### [Task requirements]
Make an exact copy of the records, omitting all images.

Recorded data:
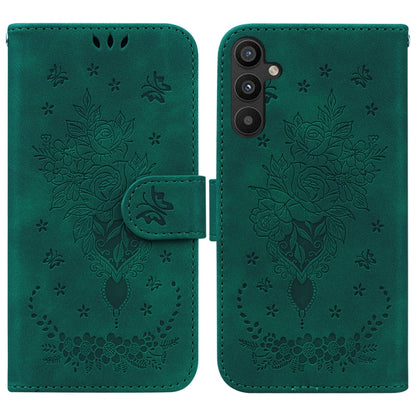 Butterfly Rose Embossed Leather Phone Case, For Google Pixel 7a, For Infinix Hot 20 Play, For OPPO A58, For Tecno Pova 4 Pro, For Samsung Galaxy A34 5G, For Samsung Galaxy A54 5G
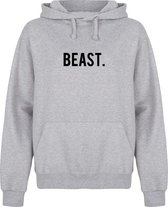 BEAUTY & THE BEAST couple hoodies grijs (BEAST - maat XL) | Matching hoodies | Koppel hoodies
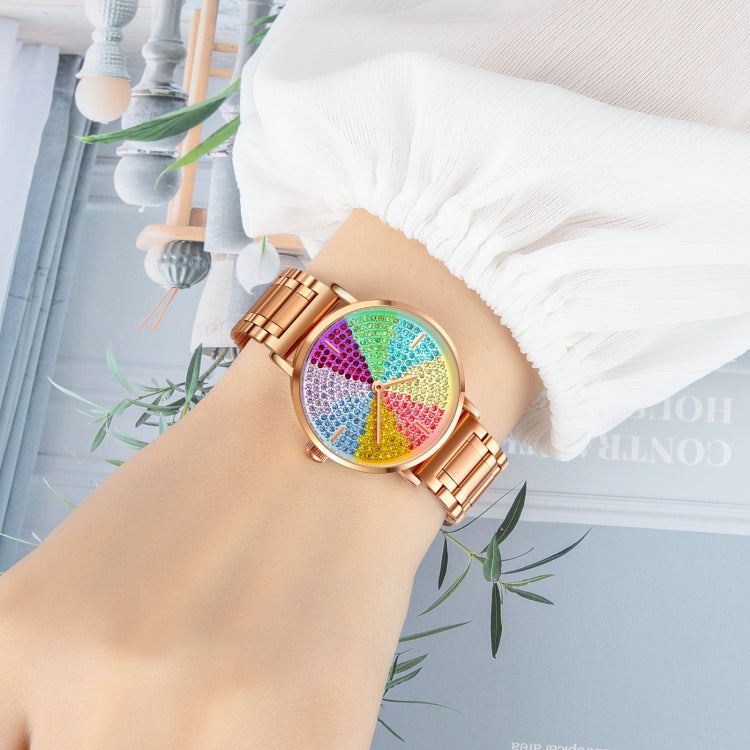 SKMEI 1811 Eight Color Diamond Round Dial Quartz Watch for Ladies(Black Leather Belt) - free shipping - PMC TechLife - Order now!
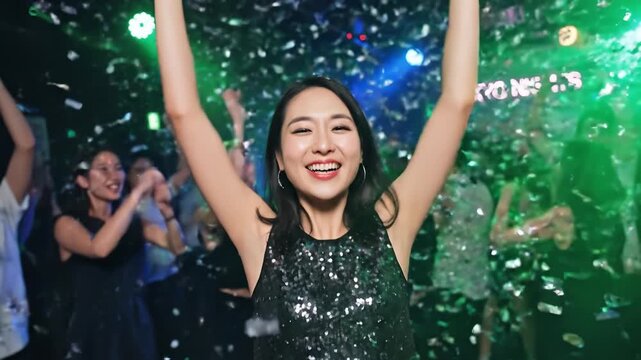 Joyful woman party celebration with confetti at night club dance music crowd under neon light happy vibes glitter dress festive nightlife fun youth sparkle portrait Asia NY weekend event social scene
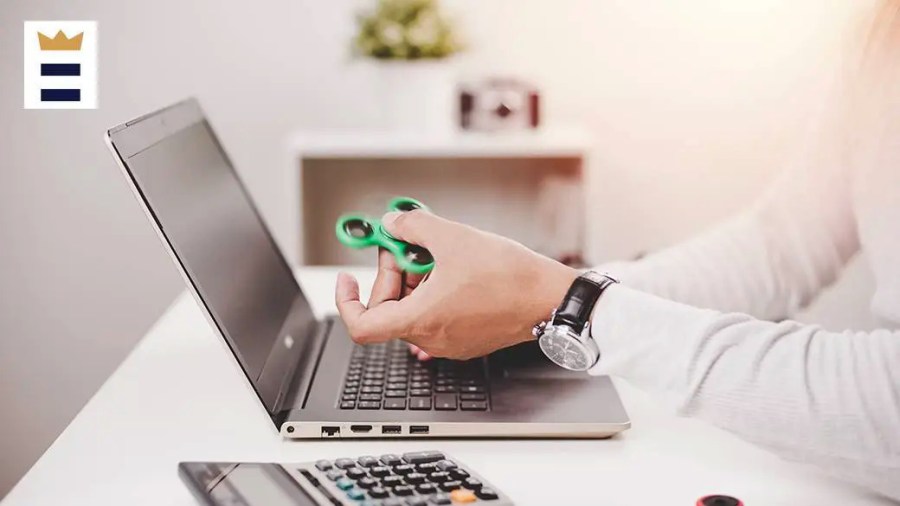 Person playing with a fidget toy while working on their computer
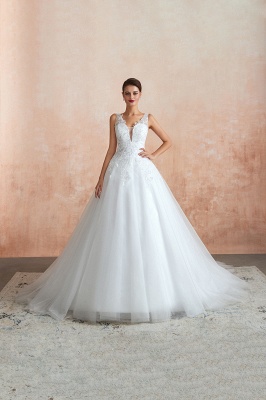 Carly | Sexy Pluging V-neck Ball Gown Wedding Dress with Chapel Train, Affordable Bridal Gowns with see-through Lace Back_10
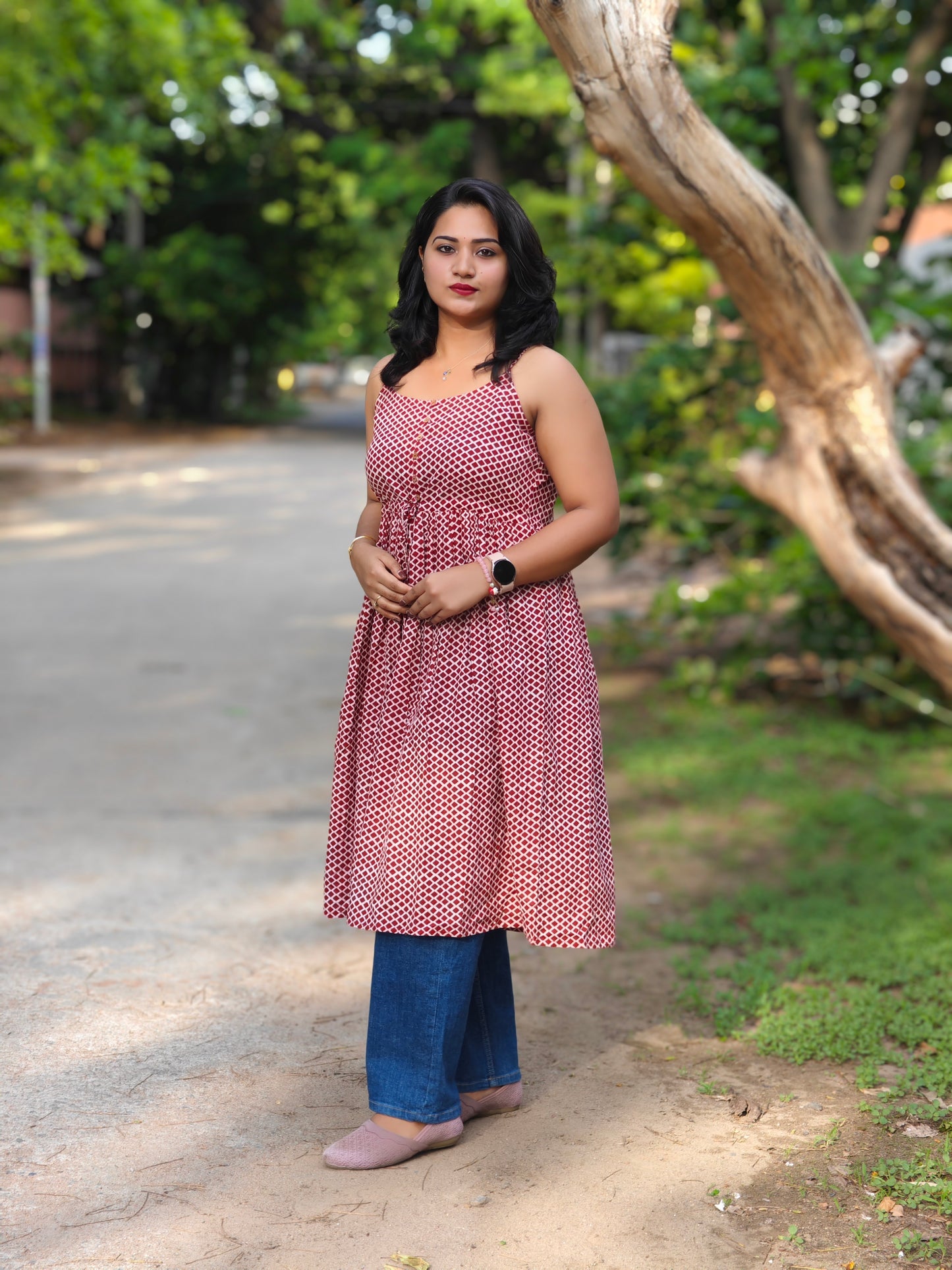 Red Cotton Geometric Print Flared Western Dress for Women – Sizes M to 2XL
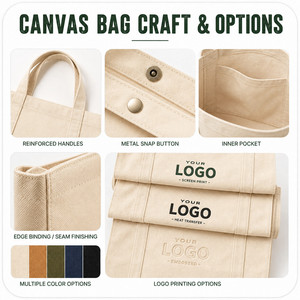Sacs fourre-tout en toile avec logo personnalisé, réutilisables pour les courses, la plage, vente en gros, plusieurs couleurs et tailles - Product Image 4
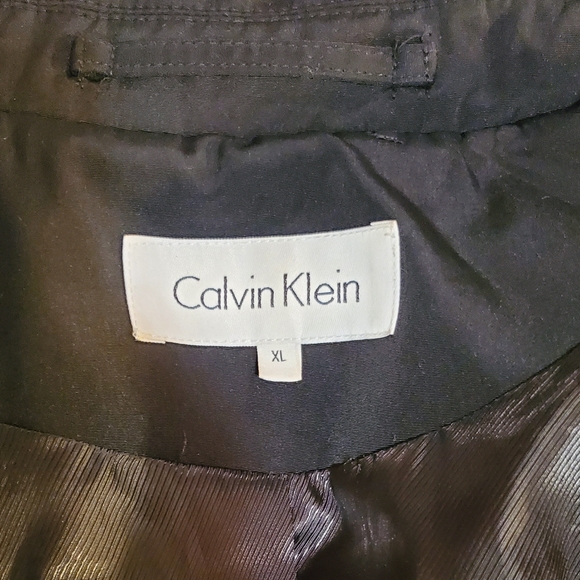Calvin Klein Classic Black Double-Breasted Trench Coat - Picture 7 of 15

### [Answer box]
 Butterfly Rose Embossed Leather Phone Case, For Google Pixel 7a, For Infinix Hot 20 Play, For OPPO A58, For Tecno Pova 4 Pro, For Samsung Galaxy A34 5G, For Samsung Galaxy A54 5G
 BEAUTY & THE BEAST couple hoodies grijs (BEAST - maat XL) | Matching hoodies | Koppel hoodies
 SKMEI 1811 Eight Color Diamond Round Dial Quartz Watch for Ladies(Black Leather Belt) - free shipping - PMC TechLife - Order now!
 Joyful woman party celebration with confetti at night club dance music crowd under neon light happy vibes glitter dress festive nightlife fun youth sparkle portrait Asia NY weekend event social scene
 Person playing with a fidget toy while working on their computer
 Carly | Sexy Pluging V-neck Ball Gown Wedding Dress with Chapel Train, Affordable Bridal Gowns with see-through Lace Back_10
 Red Cotton Geometric Print Flared Western Dress for Women – Sizes M to 2XL
Sacs fourre-tout en toile avec logo personnalisé, réutilisables pour les courses, la plage, vente en gros, plusieurs couleurs et tailles - Product Image 4
Calvin Klein Classic Black Double-Breasted Trench Coat - Picture 7 of 15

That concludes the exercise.